Another significant change in GA4 is that you can have multiple attribution models running simultaneously, and compare their results side-by-side. In UA, you can only set one attribution model per view. If you’ve not used attribution models before, they are a way of analysing your data to see which marketing channels contributed most to the sale or conversion. A popular one is to attribute the last thing someone clicked on as the cause of the person converting to a customer, but with other attribution models you can see the value of all the interactions a customer has had with your business, and how valuable top-of-the-funnel marketing channels are (as these don’t often get credit when the ‘last click’ model is used). This data will be incredibly useful for working out what marketing channels are really helping to push your customers towards a sale.
What Steps You Should Take to Move to GA4
Take this as a great opportunity to start with a clean sheet. You’ll need to set up GA4 from scratch, so it’s a good time to analyse if your setup is working for you and tracking what you want.
If your analytics setup is currently rather unorganised or full of things you no longer need, this is a great time to audit everything and streamline down to only things you use. If you don’t have naming conventions for your campaign tracking, now’s the time to start.

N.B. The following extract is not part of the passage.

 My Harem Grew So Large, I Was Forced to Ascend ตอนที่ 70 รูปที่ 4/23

It’s much easier to track campaigns if they are named well.
Get GA4 set up and add it to your website so that it starts gathering data as soon as possible. Remember it needs to be gathering data by 1 July 2022 to ensure you can get year-on-year data comparisons from the day of the switchover. To set it up you’ll need to create a new GA4 property in Google Analytics, then add it to your website code or Google Tag Manager (depending on which you use). Google has a handy page on how to set up GA4 so it runs alongside Universal Analytics. If you’re not sure how to do this, find an analytics expert to help get you set up in no time.
As Google Analytics 4 is so different to the previous version, I’d suggest getting some staff training on the platform. They’ll need to know the new layout and functionality, which can be a little complex at first glance.

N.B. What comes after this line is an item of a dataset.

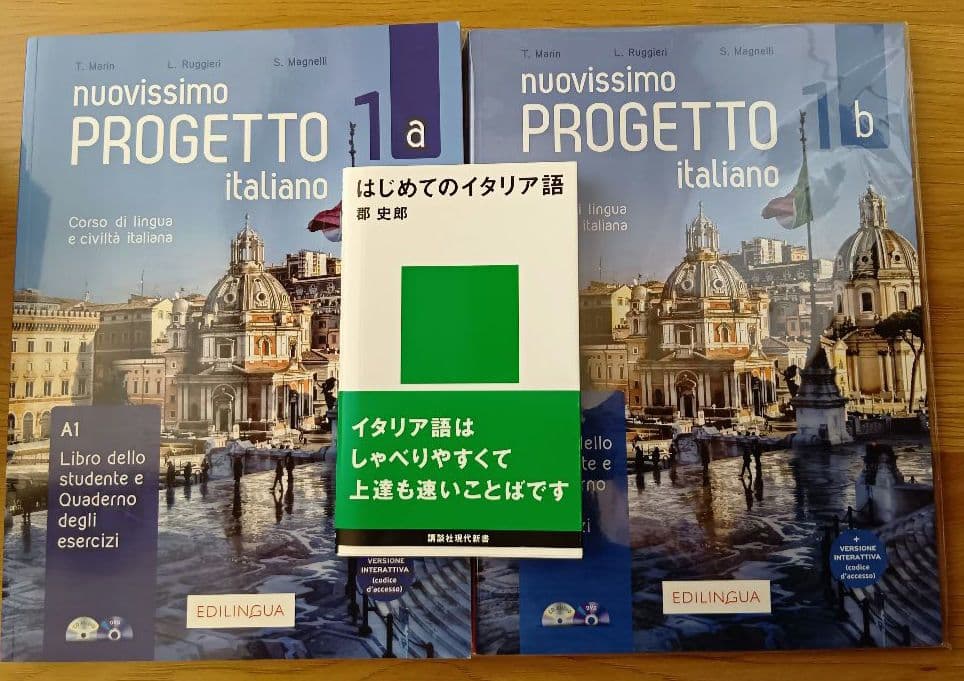 nuovissimo PROGETTO italiano ２冊セット＋おまけ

As Google has only promised to keep Universal Analytics for 6 months after it stops collecting data, you’ll need to make sure you’ve backed it all up (back it up just after the switch-off) in case you need to refer to it in the future. Otherwise, you risk losing it.
Don’t panic if this all feels overwhelming at the moment. The most important thing you need to do is get GA4 added to your website as soon as you can. That way you can at least start gathering data and then set up GA4 as you go along, experiment with it and trial all the new features. You have a year until UA is switched off, so give yourself that as a deadline for becoming familiar with the platform. Google offers a free course to give you a better insight into GA4, so why not take a look at that too. Good luck!